Crossroads by Jim Baker

A popular history of Malaysia and Singapore

Jim Baker

Crossroads - a popular history of Malaysia and Singapore

First Edition  (1999)
Second Edition (2008)
Third Edition (2014)


Selected snippets from the book:

defining the terms Malays, Malaya, Malayans, Malaysia and Malaysians:

The Malays are a racial group, and Malay is their language. The Malays make up the majority of the population of the present-day Federation of Malaysia and a minority in the Republic of Singapore. Generally, the term includes a race of people who make up a significant portion of the population of southern Thailand and most of the populations of Indonesia and Brunei, as well as a minority in the southern Philippines. Collectively, they are the Malay people but only referred to in that way by the governments of Malaysia, Brunei, Singapore and Thailand. The Malay language is spoken throughout the area but with significant differences in dialect. For example, Bahasa Indonesia and Bahasa Malaysia are quite similar. Malaya was a British creation and refers to the states formerly controlled by the British on the Malay Peninsula.
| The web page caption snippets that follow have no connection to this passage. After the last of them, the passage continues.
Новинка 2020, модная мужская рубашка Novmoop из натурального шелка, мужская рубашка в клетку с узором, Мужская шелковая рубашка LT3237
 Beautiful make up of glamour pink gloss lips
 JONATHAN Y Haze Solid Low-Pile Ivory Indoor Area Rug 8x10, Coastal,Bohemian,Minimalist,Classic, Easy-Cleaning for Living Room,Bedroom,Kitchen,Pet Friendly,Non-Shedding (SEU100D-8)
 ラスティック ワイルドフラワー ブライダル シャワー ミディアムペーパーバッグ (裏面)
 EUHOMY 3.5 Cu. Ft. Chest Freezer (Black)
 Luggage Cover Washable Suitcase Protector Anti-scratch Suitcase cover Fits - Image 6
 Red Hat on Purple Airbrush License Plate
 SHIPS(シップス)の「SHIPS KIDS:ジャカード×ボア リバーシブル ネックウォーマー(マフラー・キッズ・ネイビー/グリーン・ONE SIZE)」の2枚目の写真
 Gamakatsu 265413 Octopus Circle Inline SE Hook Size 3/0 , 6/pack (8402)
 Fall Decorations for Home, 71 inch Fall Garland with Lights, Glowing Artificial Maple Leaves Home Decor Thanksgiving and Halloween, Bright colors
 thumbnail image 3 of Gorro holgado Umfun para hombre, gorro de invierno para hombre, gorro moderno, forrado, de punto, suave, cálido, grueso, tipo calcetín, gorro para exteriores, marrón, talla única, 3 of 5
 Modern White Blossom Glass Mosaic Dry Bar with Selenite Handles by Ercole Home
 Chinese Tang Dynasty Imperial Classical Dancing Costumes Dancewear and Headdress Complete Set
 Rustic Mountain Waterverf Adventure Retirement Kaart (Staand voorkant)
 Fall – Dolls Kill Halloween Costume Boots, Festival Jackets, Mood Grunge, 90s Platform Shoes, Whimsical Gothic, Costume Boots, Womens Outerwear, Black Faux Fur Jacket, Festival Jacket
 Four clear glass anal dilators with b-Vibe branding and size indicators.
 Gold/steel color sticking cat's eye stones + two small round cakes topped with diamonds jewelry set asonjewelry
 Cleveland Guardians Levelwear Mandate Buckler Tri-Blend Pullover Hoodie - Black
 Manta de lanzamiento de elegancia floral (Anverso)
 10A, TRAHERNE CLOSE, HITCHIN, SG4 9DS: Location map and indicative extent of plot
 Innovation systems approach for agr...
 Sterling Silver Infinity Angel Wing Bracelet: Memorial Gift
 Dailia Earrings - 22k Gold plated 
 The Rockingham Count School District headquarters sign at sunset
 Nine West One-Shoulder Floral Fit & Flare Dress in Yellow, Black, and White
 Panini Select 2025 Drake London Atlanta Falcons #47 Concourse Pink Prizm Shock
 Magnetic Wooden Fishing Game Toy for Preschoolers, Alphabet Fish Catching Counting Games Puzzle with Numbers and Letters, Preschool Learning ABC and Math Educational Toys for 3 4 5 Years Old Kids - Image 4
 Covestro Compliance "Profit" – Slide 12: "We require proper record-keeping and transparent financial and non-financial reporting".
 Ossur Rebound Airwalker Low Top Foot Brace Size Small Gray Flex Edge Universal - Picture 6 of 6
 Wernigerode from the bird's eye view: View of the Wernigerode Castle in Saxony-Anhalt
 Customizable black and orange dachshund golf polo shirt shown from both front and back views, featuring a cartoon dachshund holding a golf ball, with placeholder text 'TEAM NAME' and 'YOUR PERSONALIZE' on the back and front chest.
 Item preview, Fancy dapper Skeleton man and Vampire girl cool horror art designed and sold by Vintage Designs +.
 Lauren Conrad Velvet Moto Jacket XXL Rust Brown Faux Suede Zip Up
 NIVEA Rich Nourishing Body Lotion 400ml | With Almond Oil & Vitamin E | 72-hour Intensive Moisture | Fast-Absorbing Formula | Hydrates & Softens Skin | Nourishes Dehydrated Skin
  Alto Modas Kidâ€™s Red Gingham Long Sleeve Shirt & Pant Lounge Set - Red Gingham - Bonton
The formal use of the term came into being after World War II, when the Federation of Malaya was Created and became an independent country in 1957. Prior to this, the area  was often referred to as British Malaya and included Singapore for most of the nineteenth and twentieth centuries. In this book, Malaya refers to the Malay Peninsula that eventually became British Malaya. "Malayans" refers to the inhabitants of the peninsula and later on the federation, whether they be Malay, Chinese, Indian or Eurasian. Malaysla was created in 1963 with the merger of the Federation of Singapore, Sarawak and Sabah (formerly known as British North Borneo). Singapore left the federation in 1965.